PREPARING FOR YOUR SKIN IN THE GAME JOB SEARCH

This book has good advice for any job seeker or PEG hiring authority. However it was written for skin in the game Chief Officer (C-Level) executives to help them become hired by PEGs for one of their middle market portfolio companies. That’s my expertise. I have no retained search experience handling skin in the game C-Level assignments for any Venture Capitalists (VCs).

If you are entrepreneurial, a risk taker, and have a C-Level background in technology, visit NVCA.org and click on “About NVCA” then on “Members” and open up their list of over 400 mostly VC and some Leveraged Buyout (LBO) firms. Click on a VC’s website and click on “Portfolio”. See if any of their invested companies are a match with your credentials, experience, and industry background. If so, click on “Team” and then locate the person to email, such as the Partner in Charge or Managing Partner, General Partner, or Partner. Let them know you are a C-Level executive (give specific title sought) and attach your resume. Would they be interested in discussing you putting some skin in the game in the right VC company in exchange for some equity? What would the next step be? Take it from there and do plenty of sound due diligence. Consult an attorney and tax accountant about any eventual agreements involving money, stock acquisition terms, and written job offers.

THE DIFFERENCE BETWEEN PEGS AND VCS

PEGs raise funds from Limited Partners, accredited investors, endowments, insurance companies and the firm’s Partners. Such funds are not open to the public. Lower middle market PEGs often use LBOs to acquire existing companies in the $10M-$50M sales range. Middle market PEGs acquire private companies typically in the $50M-$250M sales range. Companies come from all industries. They will provide growth capital, as required, to increase the return on funds. PEGs typically hold their equity investments in companies for four to five years. Then they successfully sell their holdings to either a strategic buyer or financial buyer and share the equity profits according to each investor’s stock holdings. This is called the “exit” or liquidity event. Most of my C-Level hires have multiplied their initial skin in the game investments in my client PEG’s portfolio companies for lucrative payouts.

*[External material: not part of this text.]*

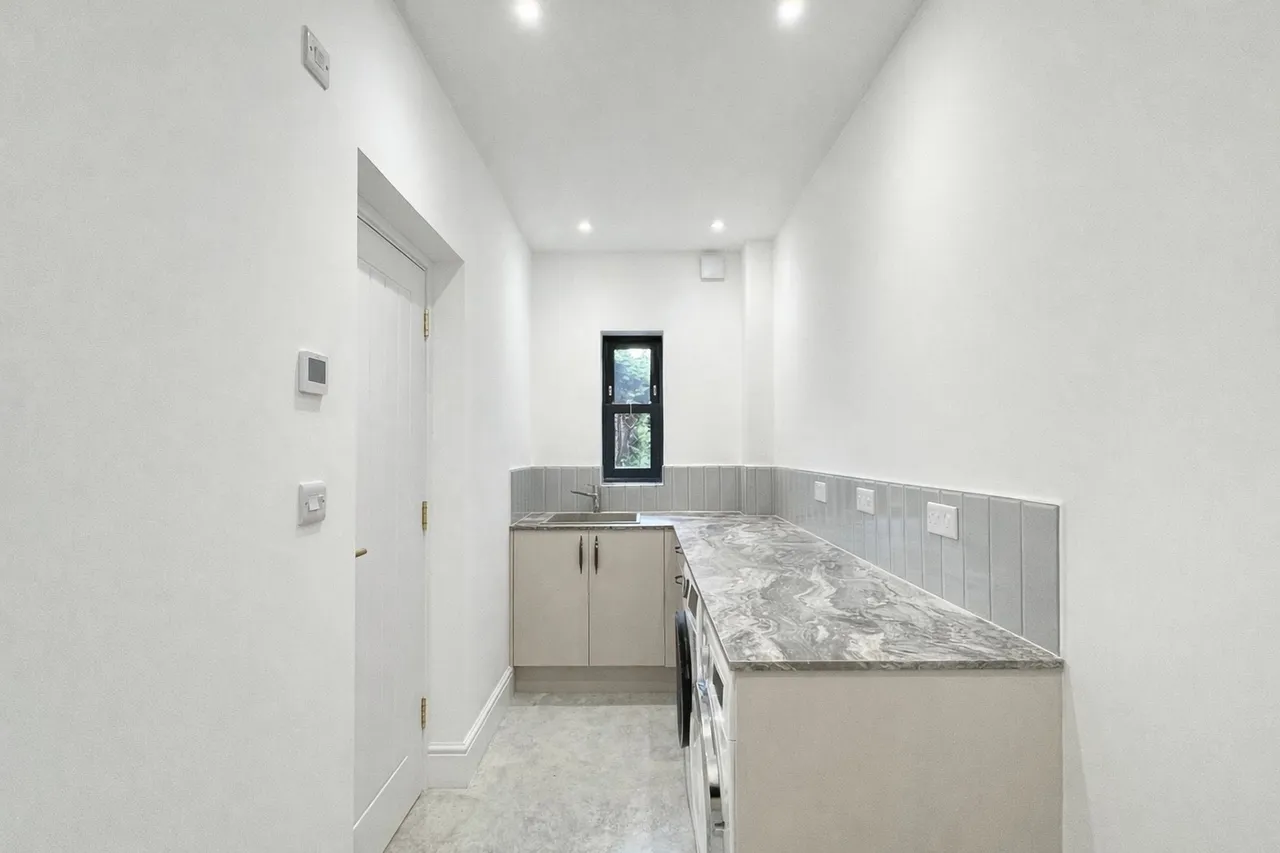 Grove Lane, Hale, WA15, photo 26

VCs pursue riskier startup ventures and will loan capital at 20%-30% interest rates. Companies who default on their exit loan payments are obligated to exchange VC loans for company equity. VCs also invest capital in equity, focusing on technology companies promising big potential returns. They usually invest their risk capital taking minority equity positions below 50%. VCs may each invest small amounts in a dozen pre-revenue and early stage companies. VCs experience much higher failure rates than PEGs. VCs’ successes can often make up for their more frequent failures.

Ask yourself, “Can I work and thrive in a private equity owned portfolio company after putting some of my own skin in the game?” Do you have the temperament to risk some of your own money in the equity of your next employer?

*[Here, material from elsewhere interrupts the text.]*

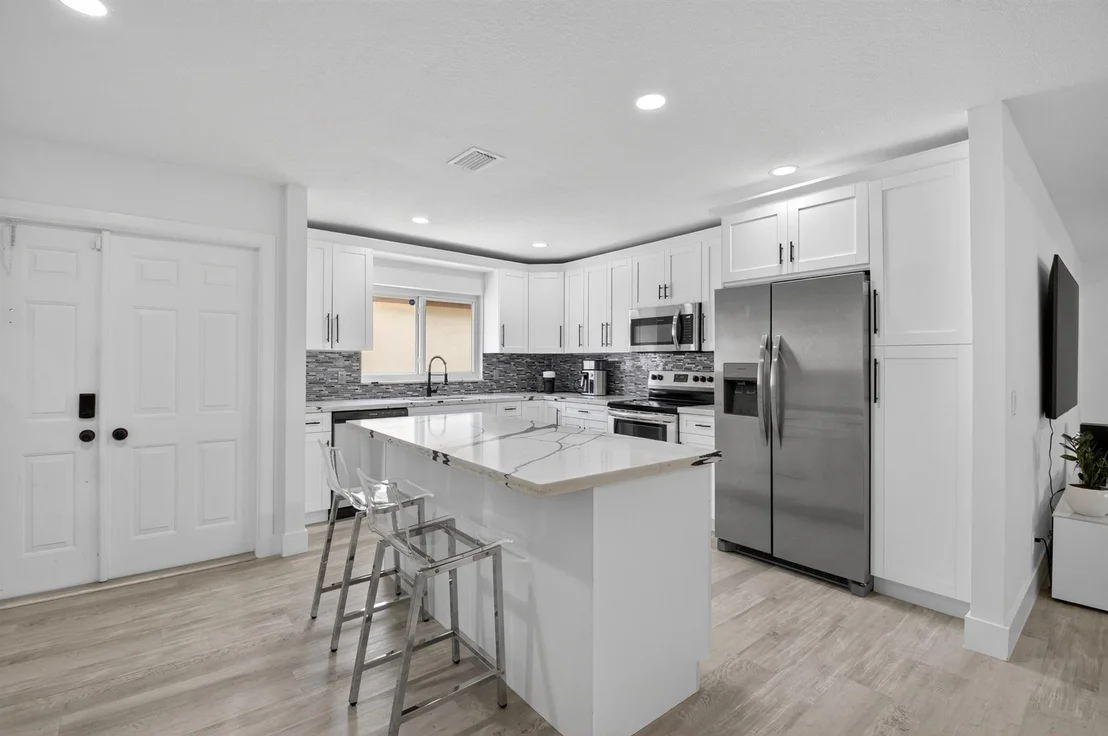 Photo of 9156 Pine Springs Drive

In one scenario, I was asked to fill a SITG CEO position that had two previous CEOs in sixteen months. It can be a “take no prisoners, all or nothing” environment, depending on what your due diligence turns up in certain PEG investor C-Level job opportunities. However, working for the right PEG can have growth challenges, growth opportunities, and spectacular financial results. In the mid-1990s, I filled a search for a SITG CEO with a New Hampshire manufacturer owned by a prestigious, profit-oriented, successful PEG. My candidate, Al S., invested $100K in equity, performed well, received additional equity bonus shares, and earned more than $11M at the company’s liquidity event five years later. I have been involved with dozens of successful SITG C-Level hires. They have put up to $100K in skin in the game for company equity, amassed additional stock options, and earned millions for helping increase PEG companies’ targeted EBITDA growth levels at the time of their liquidity event.

That is why I have written this book. During your networking efforts to meet PEGs through mutual contacts, try to be in contact with SITG C-Level executives about their own PEG employment experiences. Ask for PEG referrals.

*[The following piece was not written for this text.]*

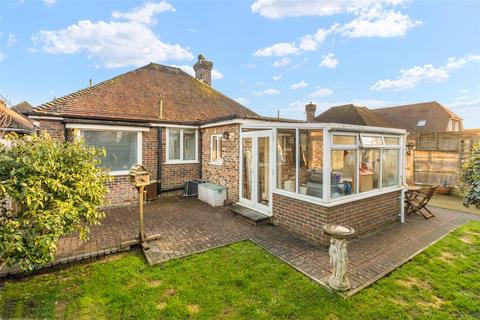 3 bedroom detached bungalow for sale, Summerfields Avenue, Hailsham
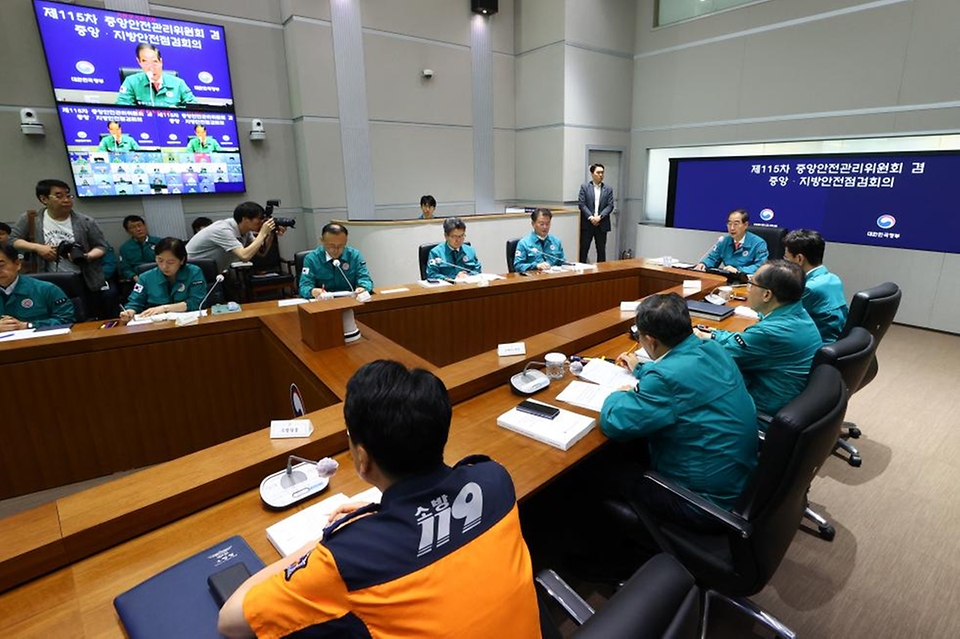 한덕수 국무총리가 28일 서울 종로구 정부서울청사에서 열린 중앙안전관리위원회에서 발언하고 있다.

In tight lower middle job market cycles, like the 2008-2014 era, highly qualified competition for C-Level job opportunities have been the norm in a number of industries. If you have an undergraduate degree and an MBA from one of the branded schools, and have been in the top 10% of your classes, your resume will attract immediate attention with certain PEGs and their headhunters.

If your employment record demonstrates you have moved up the promotional ladder with branded companies, again, you will generate instant interest from a number of PEGs and their headhunters, especially if you are still employed. You may have influential branded contacts. If so, they will positively impact your chances of being interviewed by a PEG. Congratulations, you are off and running. Hopefully you can duplicate this winning formula until you make a match with the right PEG to secure a SITG C-Level job. In my experience, such top branded job candidates do not typically undergo deeply probing interviews or comprehensive reference checks by the PEGs. PEGs will typically leave most or all of a branded candidate’s references to be checked by their search firm.

The following is a good example of the tough competition in the current job market if you are a non-branded (though highly qualified) C-Level job applicant/candidate vying for similar jobs. A job competitor might submit a more impressive resume than yours, claiming many accomplishments, or have their MBA or MS degree from a prestigious university. Your competition may be well positioned in that they are fully employed with sterling resumes without breaks in their employment dates nor frequent job changes. You may also be a lot older than most SITG job competitors.

Such challenges for job openings face non-branded but qualified candidates. This also applies to typical retained search firms flush with resumes of qualified, interested, and branded job candidates. These candidates are often surfaced by the big branded search firms’ research departments.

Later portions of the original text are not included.